The problem seemed to have halted after the International Cricket Council set up an Anti Corruption and Security Unit in 2000. But, with the emergence of spread betting, the issue seems to have reared its ugly head again.
Hereare some previous high-profile examples:
Mark Waugh/Shane Warne
Waugh and Warne were questioned after being given money by 'John the bookmaker' for information on pitch and weather conditions. The players received fines from the Australian Cricket Board after an independent enquiry by Rob O'Regan QC concluded the duo were not fully informed of the dangers of interacting with bookmakers. They were warned that future misdemeanours could result in bans.

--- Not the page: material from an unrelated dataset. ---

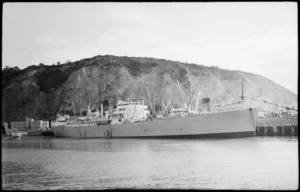 Port Lyttelton, ship.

Match-fixing accusations surrounded Malik for much of his career. After captaining Pakistan on their tours of South Africa and Zimbabwe, he was suspended pending an enquiry into bribery. Initially he was cleared but, after playing his last Test in January 1999, he, along with medium-pacer Ata-ur-Rehman, became the first players to be banned for match fixing. Their punishments were eventually overturned.
In what is undoubtedly the most famous case of its kind, South Africa captain Hansie Cronje was given a lifetime ban from playing or coaching cricket after admitting he had received a sum of money from a London bookmaker to 'forecast results'. It emerged that he offered players, such as Herschelle Gibbs, money to perform poorly. After unsuccessfully challenging his penalty in September 2001, Cronje tragically died in a plane crash the following year.
Azharuddin's match-fixing exploits came to light when Cronje indicated the former India captain was the person who introduced him to the bookmakers. The Central Bureau of Investigation's report into the Cronje affair then claimed Azharuddin had "contributed substantially towards the expanding bookie/player nexus in Indian cricket", before the batsman admitted fixing three ODIs. He was banned for life, thus finishing his career on 99 Tests.
West Indies batsman Samuels received a two-year ban in 2008 after being found guilty of "receiving money, or benefit or other reward that could bring him or the game of cricket into disrepute". Indian police alleged that he passed on team information to a known bookmaker.